» **DATA EXCERPT**
>>

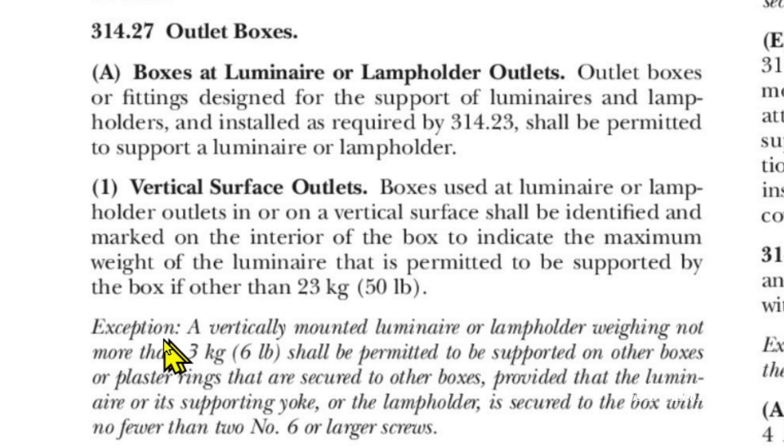However, there is an exception. A vertically mounted luminaire or lampholder weighing not more than three kilograms or six pounds shall be permitted to be supported on other boxes or plaster rings that are secured to other boxes, provided that the luminaire or its supporting yoke or the lampholder is secured to the box with no fewer than two number six or larger screws. Our pancake box has two number eight screws, which are larger than number six screws, so I think it qualifies as 'other boxes.' I believe if you wanted to hang a light that didn't exceed six pounds on a vertical surface, you could use our pancake box.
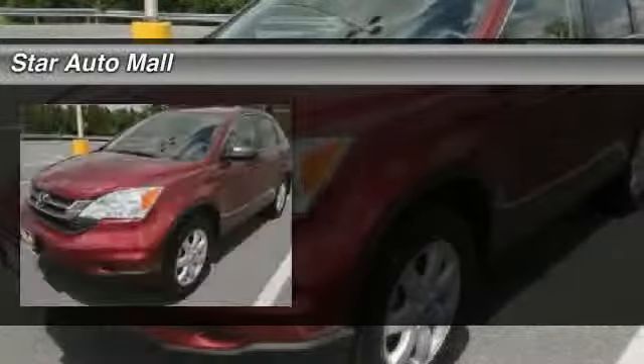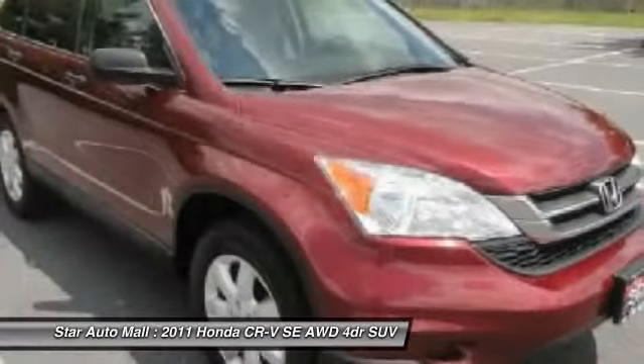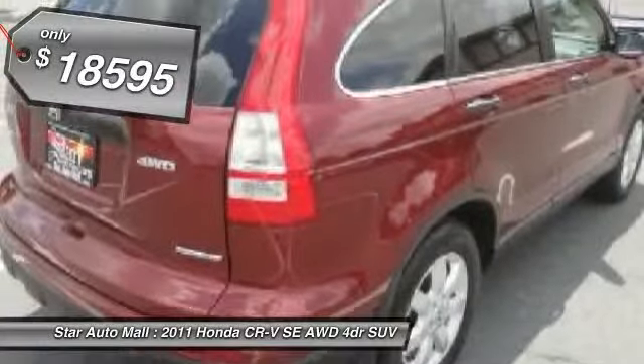The 2011 Honda CR-V — a top recommended vehicle because of its car-like driving manners, good value, cool technology, and comfy interior, and is priced below $20,000.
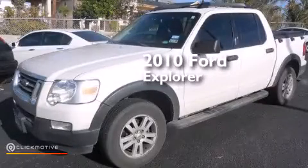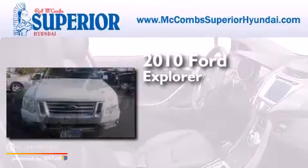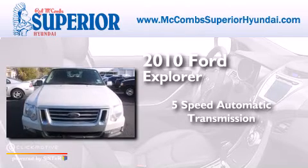This is a 2010 Ford Explorer. This SUV has a 5-speed automatic transmission and a 4.0-liter V6.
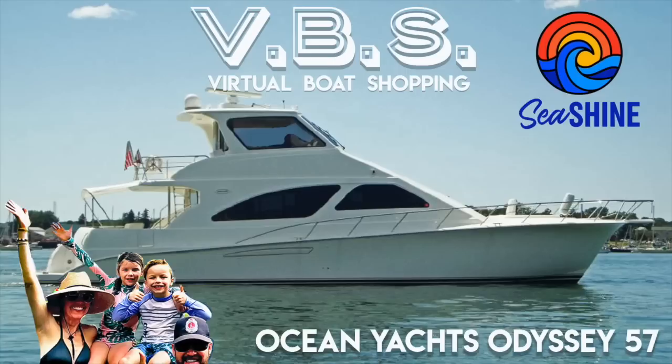Ready? Ready? Set? Hi, we're the Boomer Shines and we have a dream of doing the Great American Loop with ourselves, our two kids, and our two cats. But first, we've got to find a boat. So welcome to episode 39 of Virtual Boat Shopping, otherwise known as VBS.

<<

» **EXERCISE DESCRIPTION**
The lines wanted run from the first one in the material above through the line containing "The 2011 Honda"; give them again exactly, leaving out the pictures.

» **SOLUTION FOR THIS TASK**
However, there is an exception. A vertically mounted luminaire or lampholder weighing not more than three kilograms or six pounds shall be permitted to be supported on other boxes or plaster rings that are secured to other boxes, provided that the luminaire or its supporting yoke or the lampholder is secured to the box with no fewer than two number six or larger screws. Our pancake box has two number eight screws, which are larger than number six screws, so I think it qualifies as 'other boxes.' I believe if you wanted to hang a light that didn't exceed six pounds on a vertical surface, you could use our pancake box.
The 2011 Honda CR-V — a top recommended vehicle because of its car-like driving manners, good value, cool technology, and comfy interior, and is priced below $20,000.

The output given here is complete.